Condi Rice is always an elegant speaker, but I still find it disturbing how the former Bush administration people wear 9/11 on their shoulders like a badge of honor.
When Rice does it, in particular, it actually infuriates me, when I know there was a chance to prevent 9/11 and she's the person who squelched that opportunity.
Richard Clarke, at the time America's leading counterterrorism official, tried to present his department's intelligence information about the impending attacks, warning the President about al-Qaeda's plans. Rice, then National Security Advisor, banned Clarke from discussing the threat with the President. This is why Clarke eventually left the White House (and quite possibly why the events of 9/11 weren't prevented).
So, although it's interesting to hear her perspective, I find she's not really a credible speaker when she blames others for the issues and aftermath of 9/11.
One of my big concerns about this GOP ticket is Romney and Ryan's complete lack of international affairs experience. While Rice can offer the national security perspective that Romney and Ryan lack, I find it curious that she was given so much time in prime time, especially since she's repeatedly claimed she wouldn't accept a post in a Romney administration.
I've heard a lot of sound bites from Ryan, but I've never really seen him speak. He's the one I'm most curious about right now, because I want to see if he seems worthy to be President, in case he has to step up. After all, that's what this is really about, isn't it?
It's not whether he's a good choice to balance the ticket, or whether he brings Tea Party red meat to the convention. It's about, if Mitt Romney is elected President and then dies, whether Paul Ryan can take the reigns of the United States Government.
First impression: he's no Sarah Palin, at least when it comes to speeches. When Palin took the podium at the 2008 convention, she held the crowd in the palm of her hand, and knocked it out of the park. Of course, she'd never have been appropriate as a VP for the reasons outlined in the previous paragraph, but she was a far stronger speaker, a far more natural orator than Ryan appears to be.
Interestingly, Ryan does appear to understand the jobs problem we still have. This is something I'm very familiar with, as the author of How To Save Jobs. He asked a question I asked back when I wrote the book: with so many people out of work, why hasn't jobs creation been this administration's top priority? Can't say I don't agree with Ryan here.

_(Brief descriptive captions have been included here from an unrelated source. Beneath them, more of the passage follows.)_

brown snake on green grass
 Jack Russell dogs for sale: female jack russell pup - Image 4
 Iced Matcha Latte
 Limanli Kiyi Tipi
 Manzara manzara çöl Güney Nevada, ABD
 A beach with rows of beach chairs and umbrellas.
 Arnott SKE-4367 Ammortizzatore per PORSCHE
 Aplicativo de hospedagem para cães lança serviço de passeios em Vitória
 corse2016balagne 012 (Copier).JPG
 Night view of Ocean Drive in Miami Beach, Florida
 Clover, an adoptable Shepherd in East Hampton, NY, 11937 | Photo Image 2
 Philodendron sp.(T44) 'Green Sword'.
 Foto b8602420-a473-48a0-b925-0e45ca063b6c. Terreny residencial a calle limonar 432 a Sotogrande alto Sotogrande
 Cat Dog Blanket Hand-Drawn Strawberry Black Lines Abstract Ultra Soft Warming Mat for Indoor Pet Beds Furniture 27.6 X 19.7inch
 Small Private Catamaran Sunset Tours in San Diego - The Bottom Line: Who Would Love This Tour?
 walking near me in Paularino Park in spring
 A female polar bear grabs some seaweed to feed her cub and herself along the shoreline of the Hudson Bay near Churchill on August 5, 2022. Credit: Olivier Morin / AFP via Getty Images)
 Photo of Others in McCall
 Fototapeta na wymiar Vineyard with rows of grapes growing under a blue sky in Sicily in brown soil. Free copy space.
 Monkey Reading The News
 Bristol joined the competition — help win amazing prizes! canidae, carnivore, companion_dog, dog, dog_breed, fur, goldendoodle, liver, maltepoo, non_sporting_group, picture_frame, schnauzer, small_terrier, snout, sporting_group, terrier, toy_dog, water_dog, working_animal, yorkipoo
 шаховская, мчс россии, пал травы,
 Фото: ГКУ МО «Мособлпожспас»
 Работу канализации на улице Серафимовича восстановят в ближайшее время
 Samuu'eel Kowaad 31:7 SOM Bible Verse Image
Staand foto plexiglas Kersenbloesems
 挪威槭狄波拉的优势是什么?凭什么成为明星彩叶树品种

Where I do disagree is with his goals for job creation. He says the Romney ticket's goal is to create 12 million new jobs over the next four years. That's a high bar, but it's far from enough. We have about 23 million Americans out of work. Worse, about 2 million new workers enter the workforce each year. So, over the course of a 4-year term, of the 12 million jobs Ryan discussed, only about 4 million of those would be available for the current 23 million out of work. It's not nearly enough.
Great line: "College graduates should not have to live out their 20s in their childhood bedrooms, looking up at fading Obama posters, and wondering when they can get on with life."
Thinking about it after his speech, I realized one of the things I was looking for was "the crazy". Sometimes, fundamentalist Republicans appear, well, nutty. As much as I personally like Sarah Palin, for example, she seemed a little too loony to be President.
Ryan didn't evidence any of that crazy. Although I certainly disagreed with some of his points, I found myself agreeing with many of his economic statements, certainly the ones that assessed today's economy as unnecessarily moribund.
He certainly didn't close the deal when it comes to deciding who I'll eventually vote for, but I did come to a somewhat surprising conclusion: he'll do.
Oh, as much fun as the Biden/Palin debate was, I think the one between Joe and Mr. Ryan will be equally interesting, but in a different way. Hey, face it, Joe Biden is the gift that keeps on giving to those of us in the chattering class. Not sure Mr. Ryan will provide quite as much journalistic joy.